There are 3 types of power factor. They are,

• Lagging power factor,
• Leading power factor and
• Unity power factor.

2. What is power factor correction?

Reducing the supply of reactive power in a system is referred to as power factor correction. A synchronous motor and a capacitor bank are used to correct the power factor. Capacitor power banks are used in industry to regulate power factor.

3. Why is the power factor not more than unity?

Real power can be comparable to, but not more than, apparent power. As a result, the power factor cannot exceed unity. The cosine angle between voltage and current is used to define power factor, but the highest cosine value is 1 and the minimum is -1. As a result, a power factor greater than one is unattainable.  It would be a violation of the law of conservation of energy if it became larger. The power factor will be 1 but will not exceed 1. Because it is the ratio of true power (KW) to apparent power (KVA).

4. What are the various methods for power factor improvement?

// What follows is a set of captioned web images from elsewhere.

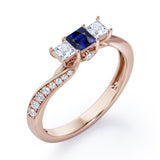 Scale Bridge Accent 0.65 carat Princess Blue Sapphire and Moissanite Twisted Wave Engagement Ring in Rose Gold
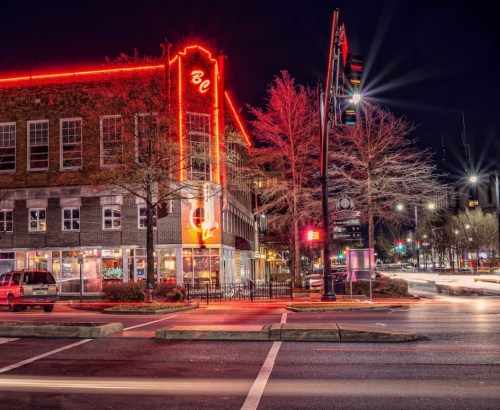 A brightly lit building at night with neon signs, surrounded by trees and streetlights in a bustling urban area.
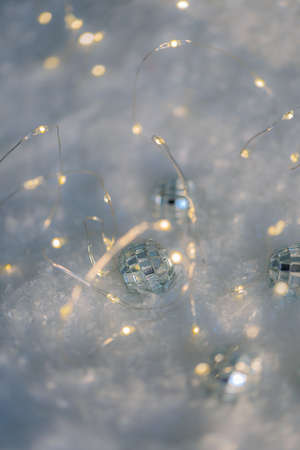 Blurred festive background with  bokeh. Small decorative balls with a mirror and a luminous garland...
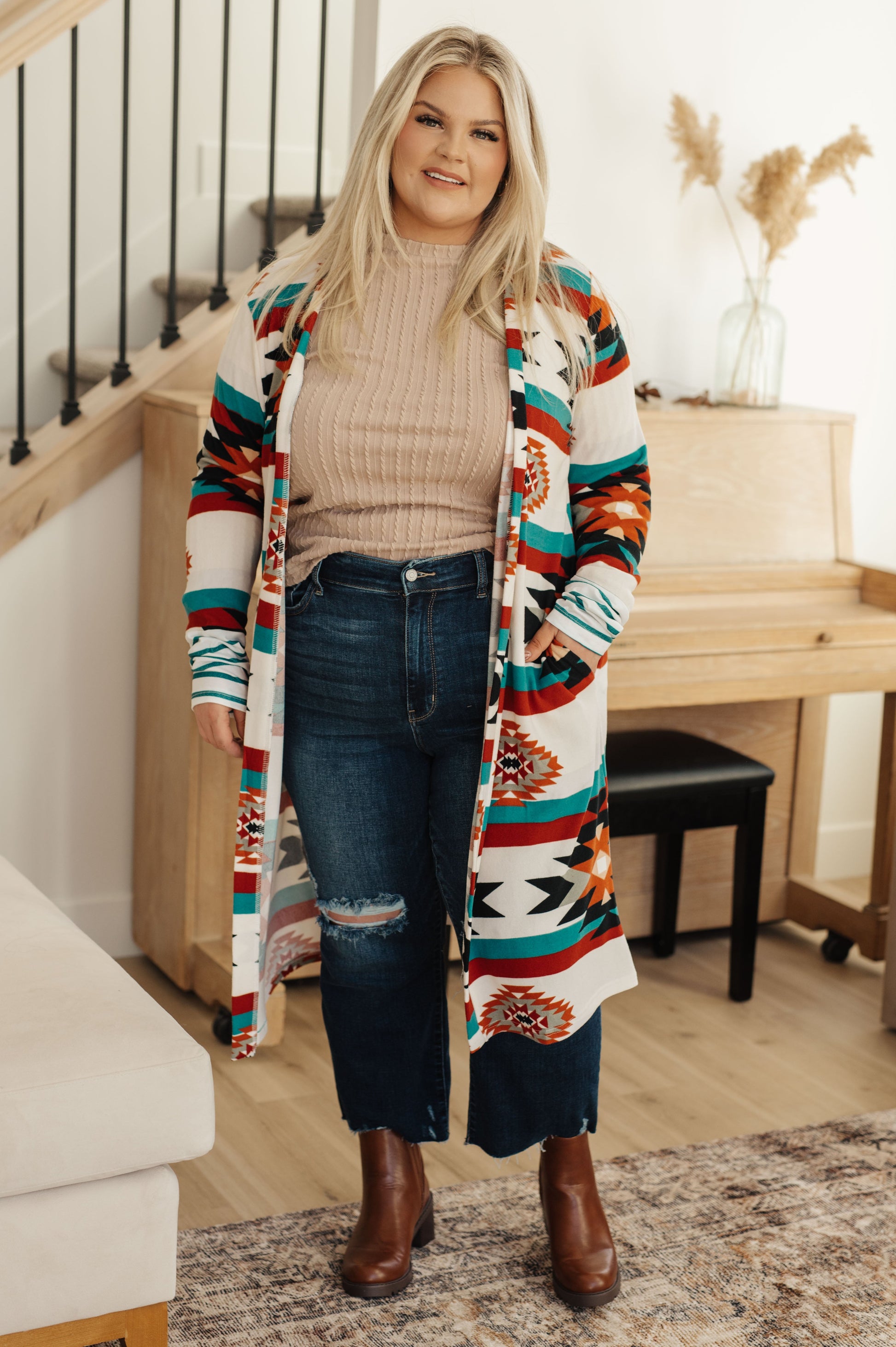 Plus size model styled full body in Marlo Cable Detail Top, beige knit with casual relaxed fit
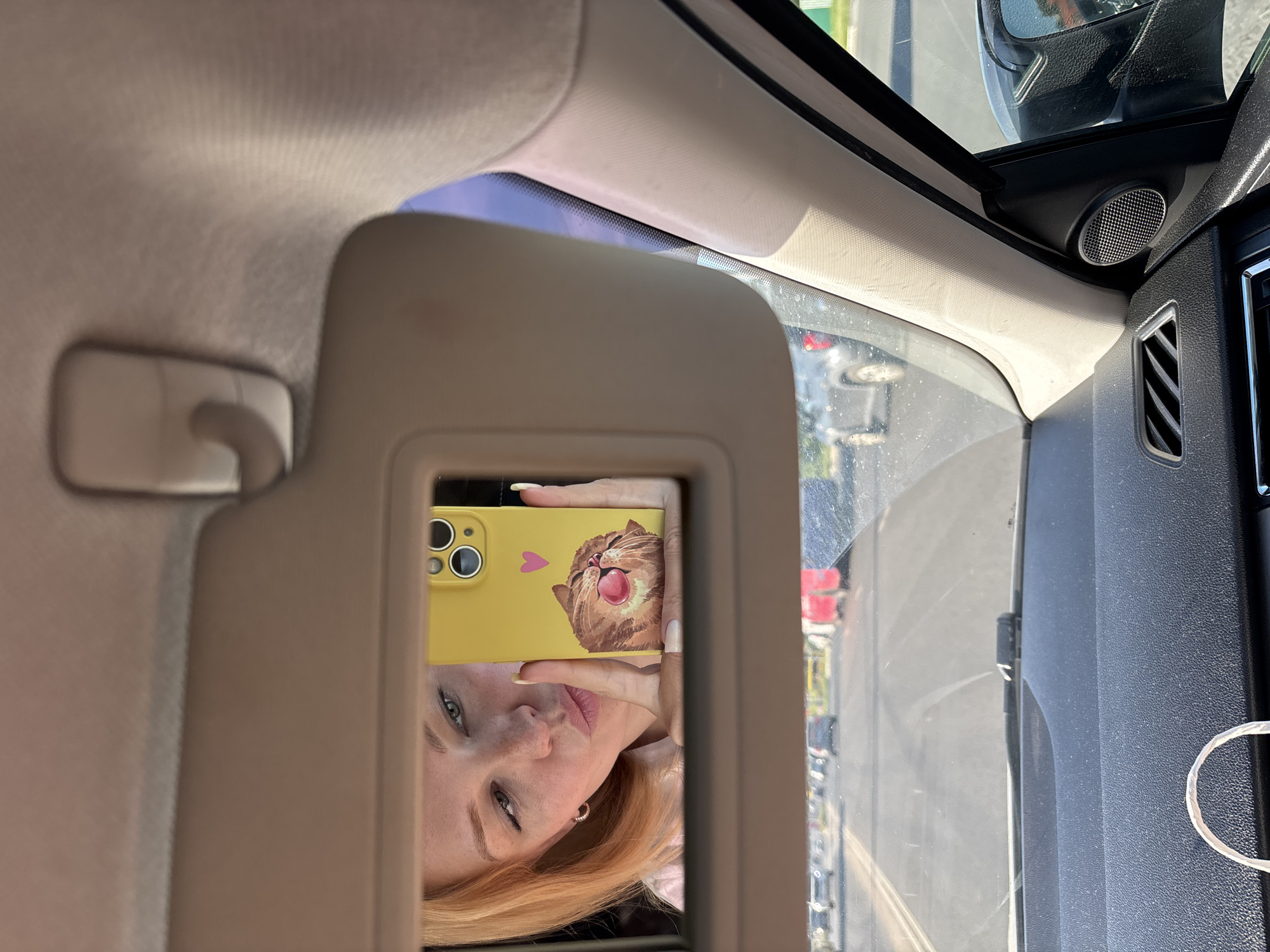 A woman with blonde hair takes a selfie in a car's visor mirror. She is wearing a pink shirt and has a playful expression, puckering her lips. She is holding a yellow smartphone with a cat-themed case. The car's interior, including the dashboard and part of the passenger side, is visible. Outside the car, a road with other vehicles and some buildings can be seen. The location is the city of Zhukovo, Russia.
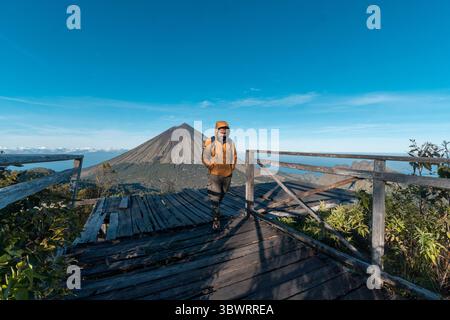 Un randonneur asiatique en veste jaune et sac à dos admire le volcan du mont Inerie depuis un point de vue en bois pittoresque à l'est de Nusa Tenggara, en Indonésie. Banque D'Images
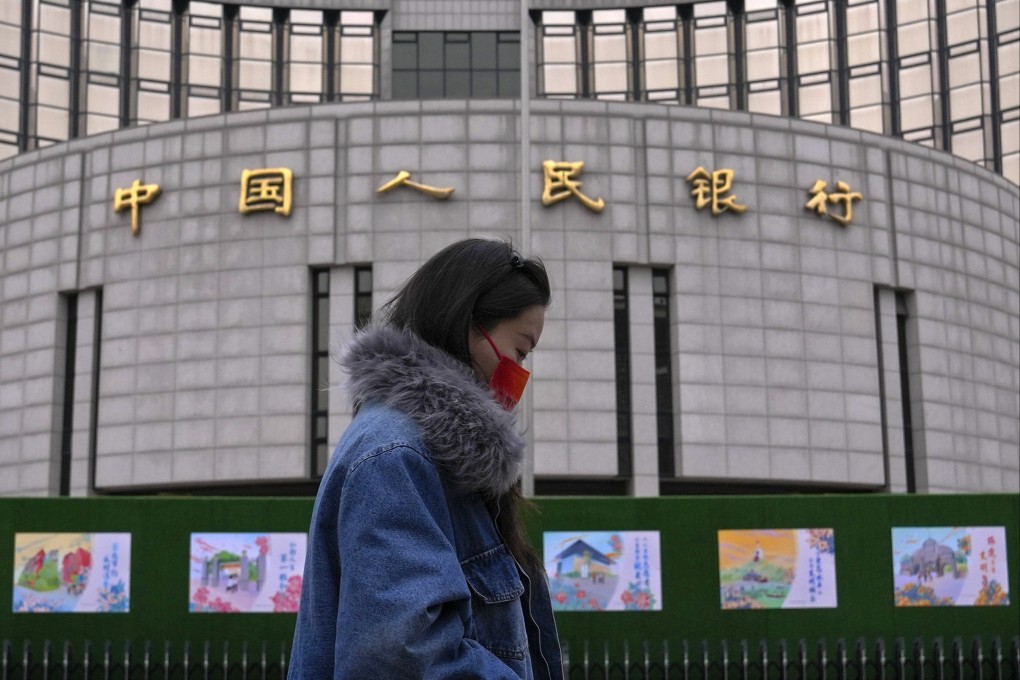 A pedestrian walks by the People’s Bank of China in Beijing on February 20. Amid US dollar strength, China might be tempted to devalue the yuan to improve competitiveness versus the yen and the won. Photo: AP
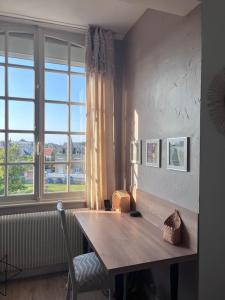 Habitación con mesa de madera y ventana grande. en Appt lumineux - 2 chambres - Mer et commerces en Berck-sur-Mer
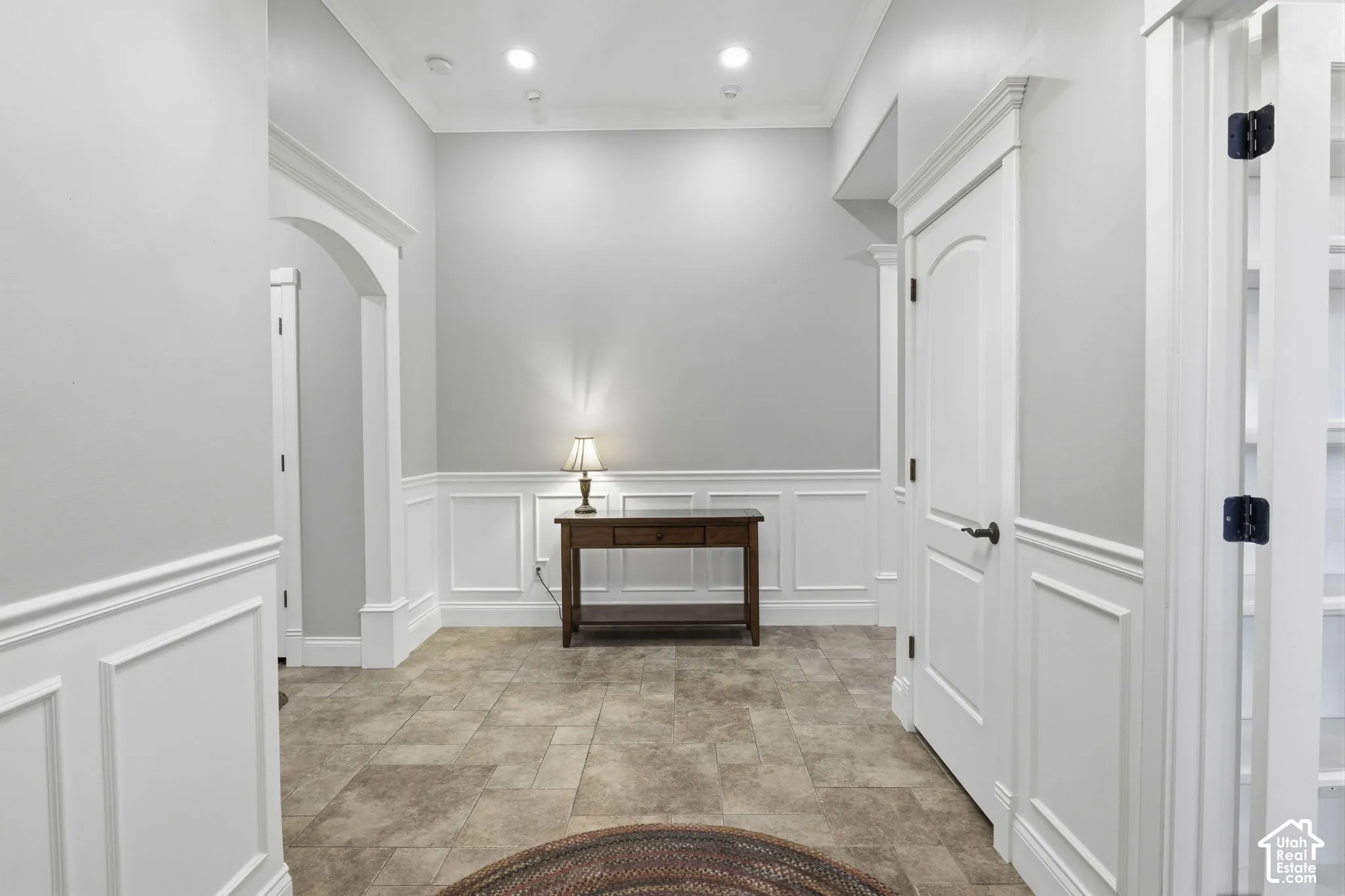 Foyer featuring tile flooring, wainscoting, arched openings, recessed ceiling lighting, and solid-core interior doors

There are three different ways to increase your power factor:

• Synchronous Condensers
• Phase Advancers and
• Capacitor Banks

5. What is real, apparent, and reactive power?

• Electrical energy consumption or the power used to do work on the load is referred to as real power or true power.
• Apparent power is the vector sum of active and reactive power delivered to the circuit.
• Reactive power is the power used but not utilised to perform work on the load. It is, nevertheless, necessary to maintain the voltage in order to supply active power through transmission and distribution lines.